- Born: Folajimi Oluwasegun James Akinsola August 8, 1984 (age 42) Surulere, Lagos State
- Education: Lagos State University
- Occupations: Actor, TV presenter
- Years active: 2003-present
- Spouse: Kanayo Ebi-Akinsola (2021)
- Children: 1

= Jimmie Akinsola =

Nigerian broadcaster, actor, and sports presenter

Folajimi Oluwasegun James Akinsola (born 8 August 1984), professionally known as Jimmie Akinsola, is a Nigerian broadcaster, actor, sports presenter and compere. He is well known for his roles on Beat FM, Classic FM, Kwesé TV Channel and SuperSport. In 2016, he starred in his first feature film When Love Happens Again.

== Early life ==
Folajimi Akinsola was born in Surulere, Lagos State. He was born as the youngest child among three siblings.

He attended Nazareth Nursery and Primary School in Lagos, for his primary education. He later enrolled at Igbobi College, Yaba, where he completed his secondary education. He earned a diploma in Data Processing and Mathematics from Olabisi Onabanjo University and University of Lagos respectively. Afterwards, he proceeded to pursue a Bachelor’s degree in Business Administration at Lagos State University.

== Career ==
Folajimi first appeared on TV as a seven-year-old child answering a Vox pop question on a football show. However, he officially started his career in 2003 when he joined Godwin Dudu Orumen's The Best of Football and Lucozade Boost Sports Reel as a Sports presenter.

In 2009, Jimmie Joined Megalectrics Limited, owners of The Beat 99.9FM, Classic FM 97.3 and Naija 102.7FM, where he worked as Head of Sports for all three radio stations.

He covered the First FIFA World Cup in Africa, South Africa 2010, which went on to earn him the award for Best Sports Radio Presenter.

In 2012, Folajimi became the host for Industry Nite, a weekly showcase event for music artists that featured Dbanj, Wizkid, Davido, Tiwa Savage, Yemi Alade, Wande Coal and Burnaboy. In 2014, Jimmie Hosted Africa Magic's Football Legends, a TV game show that also featured Ebuka Obi-Uchendu and Odogwu The Comedian. In 2018, he joined Kwese TV Channel as the lead anchor on Kwesé Sports, leading the broadcast of The FIFA World Cup 2018 on Nigerian Terrestrial TV. In 2019, Jimmie joined SuperSport TV as host of The Kings Of Football Show by Budweiser.

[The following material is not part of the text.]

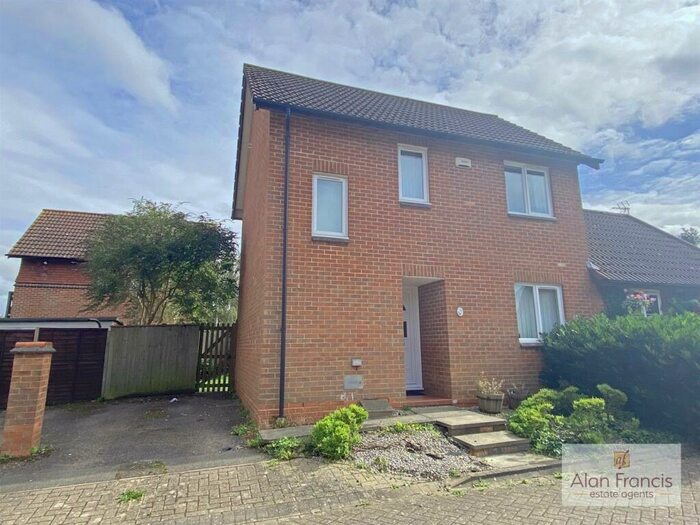 3 Bedroom Semi-Detached House To Rent In Glebe Close, Loughton, Milton Keynes, MK5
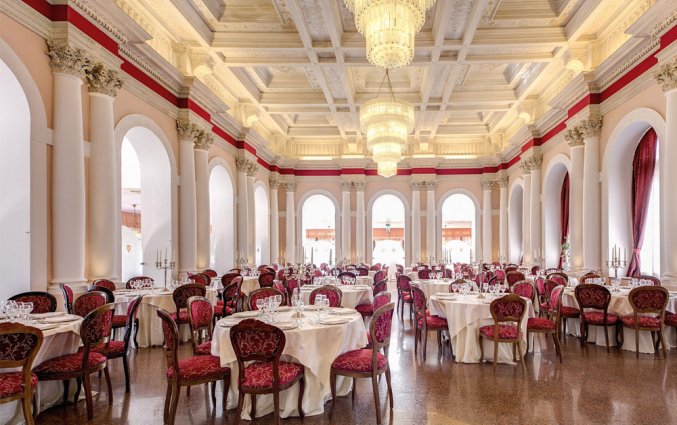 Hotel Grand Villa Politi | eetzaal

His film credits include When Love Happens, Twin Flames, Bad Boys and Bridesmaid. In 2024, he starred in Prime Video Original Ebuka Turns Up Africa, a reality show by Ebuka Obi-Uchendu, also featuring Zubby Michael and Timini Egbuson.

== Filmography ==
=== Film ===

| Year | Title | Role | Notes |
|---|---|---|---|
| 2016 | When Love Happens | Lade | Romance |
| 2017 | The Island | Lanre Jegede | TV Series |
| 2021 | Bad boys and bridesmaid- | Jaiye | Romance |
| 2023 | Twin Flame | Claxton | Comedy / Romance |
| 2024 | When Love Strikes |  | Drama Directed by Adeoluwa Owu |

=== Television ===

| Year | Title | Role | Notes |
|---|---|---|---|
| 2024 | Ebuka Turns Up Africa | Himself | TV Reality Show |

== Recognition and awards ==

| Year | Title | Category | Result | Ref |
|---|---|---|---|---|
| 2009 | The Future Awards | On-Air Personality Of the Year | Won |  |
| 2010 | Nigerian Radio Awards | Best Sports Radio Show | Won |  |
| 2011 | Nigerian Broadcasters Merit Awards | Best Sport presenter of the Year | Won |  |
| 2015 | Nigerian Entertainment Awards | Entertainment Personality Of the Year | Won |  |
| 2016 | Tush Awards | Hypeman Of The Year | Won |  |

== Personal life ==
In November 2022, Jimmie married Kanayo Ebi, the daughter of Ernest Ebi. Together, they have a son named Kanyechi Folajimi Ernest Akinsola.